From my humble opinion, I consider that a virtual visit to a place or a monument can never replace emotions, feelings, sounds or smells. Going to the Timanfaya National Park and see how the smoke comes out at high ground temperatures or that the tour guides tell you anecdotes of its surroundings are perfections that only physically visiting a place will give you, they are small details that manage to transmit the history that each place has behind. Therefore, a virtual reality will never be a 100% reality but this technology also has many advantages. It allows you to travel, visit a place on the other side of the world with just one click, this is possible thanks, for example, to Google Cardboard glasses. It would even be an advance in the education sector, studying art or architecture and being able to make these visits to monuments without leaving home.

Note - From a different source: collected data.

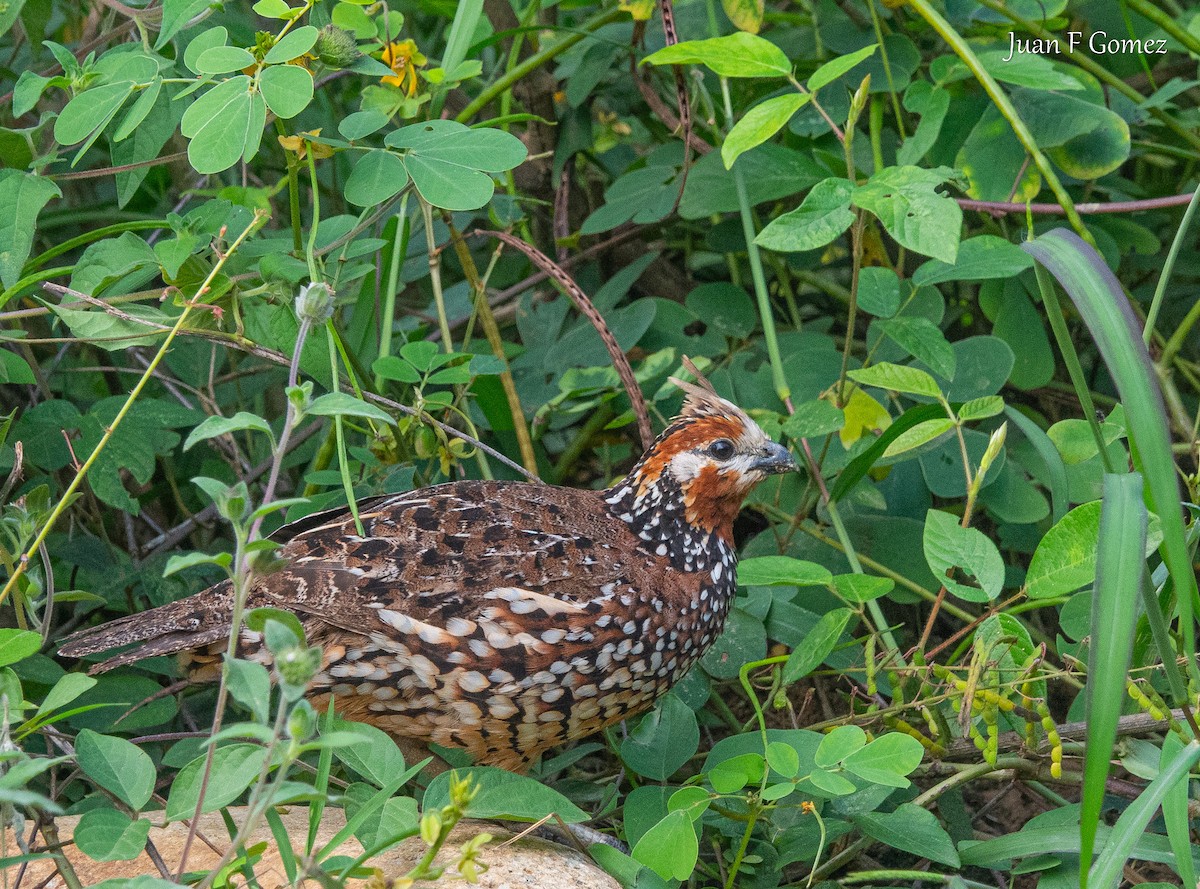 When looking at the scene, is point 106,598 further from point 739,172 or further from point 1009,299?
point 1009,299

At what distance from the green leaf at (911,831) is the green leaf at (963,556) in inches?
19.2

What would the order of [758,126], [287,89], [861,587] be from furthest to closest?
[758,126] < [861,587] < [287,89]

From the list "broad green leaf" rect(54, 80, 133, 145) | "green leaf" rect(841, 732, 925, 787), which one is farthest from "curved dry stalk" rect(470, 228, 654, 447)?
"green leaf" rect(841, 732, 925, 787)

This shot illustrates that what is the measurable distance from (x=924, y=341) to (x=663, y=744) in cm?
122

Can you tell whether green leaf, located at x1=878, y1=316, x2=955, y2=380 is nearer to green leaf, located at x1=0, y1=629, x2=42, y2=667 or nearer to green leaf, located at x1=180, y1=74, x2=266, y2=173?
green leaf, located at x1=180, y1=74, x2=266, y2=173

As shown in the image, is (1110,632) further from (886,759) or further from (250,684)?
(250,684)

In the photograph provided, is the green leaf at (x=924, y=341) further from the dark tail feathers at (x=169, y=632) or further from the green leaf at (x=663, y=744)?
the dark tail feathers at (x=169, y=632)

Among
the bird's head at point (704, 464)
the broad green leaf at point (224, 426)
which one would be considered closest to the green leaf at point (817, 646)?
the bird's head at point (704, 464)

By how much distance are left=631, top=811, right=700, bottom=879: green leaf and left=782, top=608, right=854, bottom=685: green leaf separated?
1.70ft

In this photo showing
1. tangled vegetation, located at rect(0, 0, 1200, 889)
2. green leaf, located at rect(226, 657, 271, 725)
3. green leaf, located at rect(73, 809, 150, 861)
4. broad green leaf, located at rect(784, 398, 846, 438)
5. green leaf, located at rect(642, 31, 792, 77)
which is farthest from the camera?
broad green leaf, located at rect(784, 398, 846, 438)

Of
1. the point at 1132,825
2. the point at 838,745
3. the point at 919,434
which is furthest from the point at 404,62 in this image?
the point at 1132,825

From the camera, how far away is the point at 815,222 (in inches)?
112

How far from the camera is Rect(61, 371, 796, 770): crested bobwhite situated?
8.74 ft

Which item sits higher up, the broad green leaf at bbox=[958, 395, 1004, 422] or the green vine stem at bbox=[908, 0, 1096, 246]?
the green vine stem at bbox=[908, 0, 1096, 246]
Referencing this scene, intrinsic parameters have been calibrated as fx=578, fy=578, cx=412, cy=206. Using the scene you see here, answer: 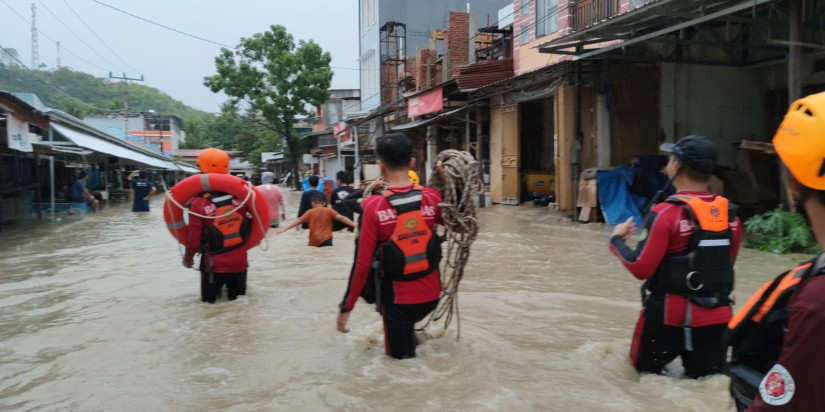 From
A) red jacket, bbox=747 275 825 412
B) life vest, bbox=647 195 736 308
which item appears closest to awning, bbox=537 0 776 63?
life vest, bbox=647 195 736 308

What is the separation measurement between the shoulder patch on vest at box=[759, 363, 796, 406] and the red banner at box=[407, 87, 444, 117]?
16149 millimetres

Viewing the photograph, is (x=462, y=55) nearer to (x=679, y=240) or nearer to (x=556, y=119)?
(x=556, y=119)

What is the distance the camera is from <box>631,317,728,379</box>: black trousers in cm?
286

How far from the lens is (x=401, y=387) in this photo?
3379 millimetres

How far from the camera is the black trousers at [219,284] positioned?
526 centimetres

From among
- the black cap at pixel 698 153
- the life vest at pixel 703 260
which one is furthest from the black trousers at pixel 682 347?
the black cap at pixel 698 153

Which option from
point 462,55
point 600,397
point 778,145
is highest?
point 462,55

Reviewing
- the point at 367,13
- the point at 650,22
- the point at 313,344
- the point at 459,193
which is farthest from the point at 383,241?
the point at 367,13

For all these reasons, virtual reality is becoming more and more present in the tourism sector with the appearance of new initiatives as interesting as the Mona Lisa project Beyond the glass . It is a very beautiful idea that allows you to get virtually close to one of the most famous and visited paintings (both physically and virtually) in the world. In this 3D approach you can learn more about the history that surrounds the entire work and each of its lines. This project has been developed thanks to the collaboration of the Louvre Museum and HTC VIVRE ARTS, which is currently a leading company in virtual reality.

Yet another advantage is the creation of new jobs in this sector. The world of digitization , of knowing virtual and augmented reality technologies , combined with the world of history and art, is an association that will undoubtedly create new jobs that will require specialization in knowing both areas and how combine them.

In this way, more interactive stories will be created that will bring art and culture closer to people, we will be able to visit the rooms of our favorite museums from any corner of the world, or learn anecdotes and details of wonderful monuments, and all this seems incredible to me.